About 7,000 people gathered at a square in the centre of the city for a peaceful protest, with speakers condemning Israel's offensive in Gaza and urging support for the Palestinians.
As they marched towards the arena, they were joined by the masked demonstrators who attacked police with eggs, rocks and firecrackers.
About 1,000 police were deployed in Malmo to keep the protesters from entering the arena. Special riot vehicles had been brought in from Denmark.
Henrik Kallen from the Swedish Tennis Federation spoke to Al Jazeera from inside the arena. He said the match had not been disturbed.
"I can't comment on if it was right or wrong to from a security stand [to ban fans from the match] but what is unfortunate is that some local politicians have used it for their own agenda, mixing sports and politics and making national politics out of something they should not get into."
Since Israel's three-week war on Gaza ending in January, activists and politicians have called for the game to be stopped.

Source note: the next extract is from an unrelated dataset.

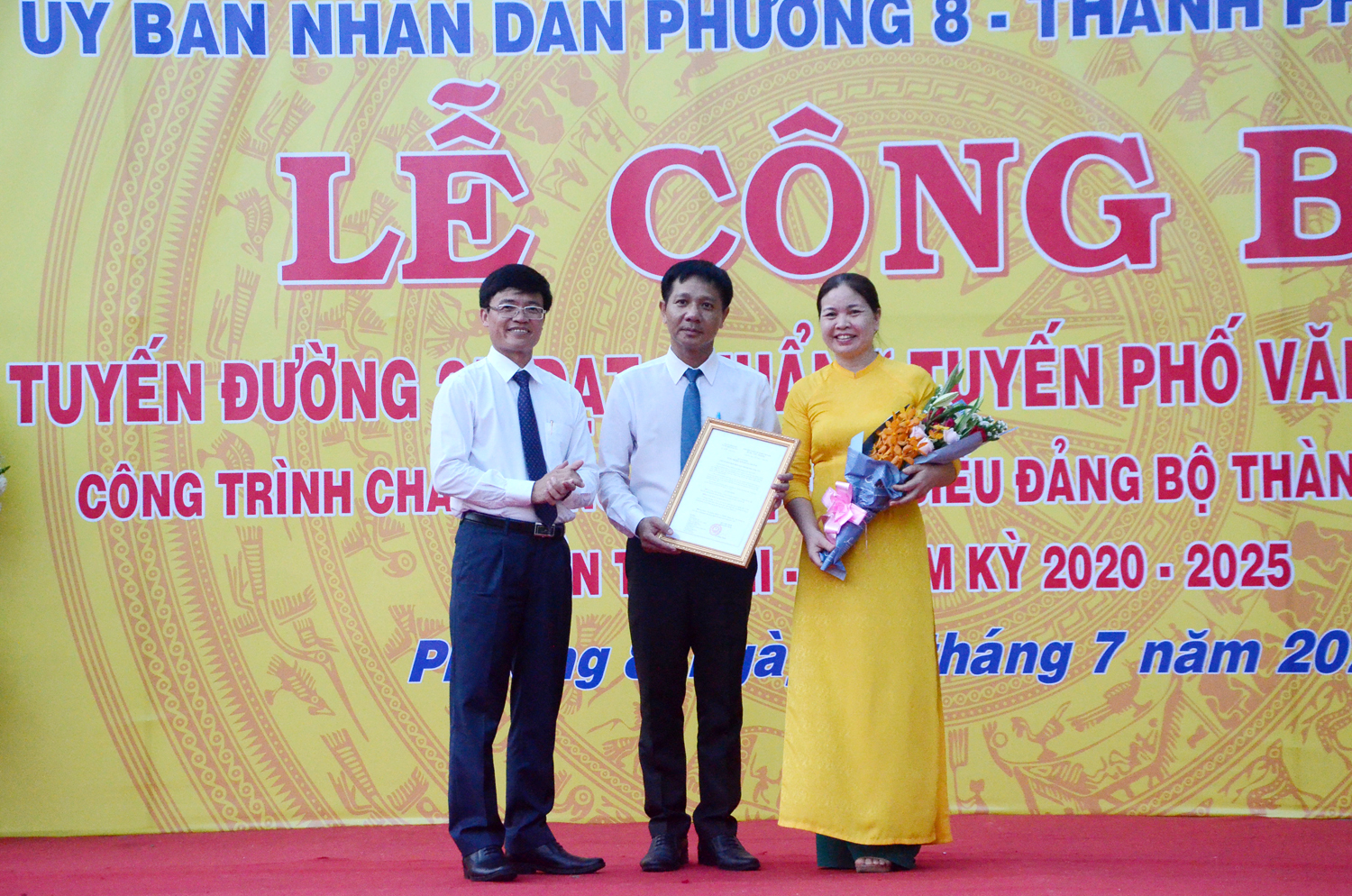 Ông Vũ Hồng Thuấn, Phó Chủ tịch UBND TP. Vũng Tàu trao Quyết định công nhận tuyến đường 2/9 (đoạn từ Lê Hồng Phong đến Nguyễn An Ninh), phường 8, TP. Vũng Tàu đạt chuẩn “Tuyến đường văn minh đô thị”.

The municipality of Malmo said its decision that the match be played in an empty arena was taken due to security concerns, without any political motives.
But Ilmar Reepalu, the mayor of Malmo, told the newspaper Sydsvenska Dagbladet after the war on Gaza that his personal opinion was that the game should not be played at all.
The three-game tie started on Friday with about 300 journalists, sponsors and special guests present in the 4,000-capacity hall.
"It didn't feel like a Davis Cup match, it felt like a challenger match," said Harel Levy, one of the Israeli players.
"It's sad, I think it has affected Sweden more than Israel. Hopefully it will never happen again."
Malmo, which is home to a large number of immigrants, many of them from the Middle East, has been heavily criticised by the International Tennis Federation and Israeli players for its decision to close the tie to the public.
It is the second time that a Davis Cup tie has been held without spectators. The first was in 1975, also in Sweden, when the Swede Bjorn Borg and his team beat Chile, which was ruled at the time by dictator Augusto Pinochet.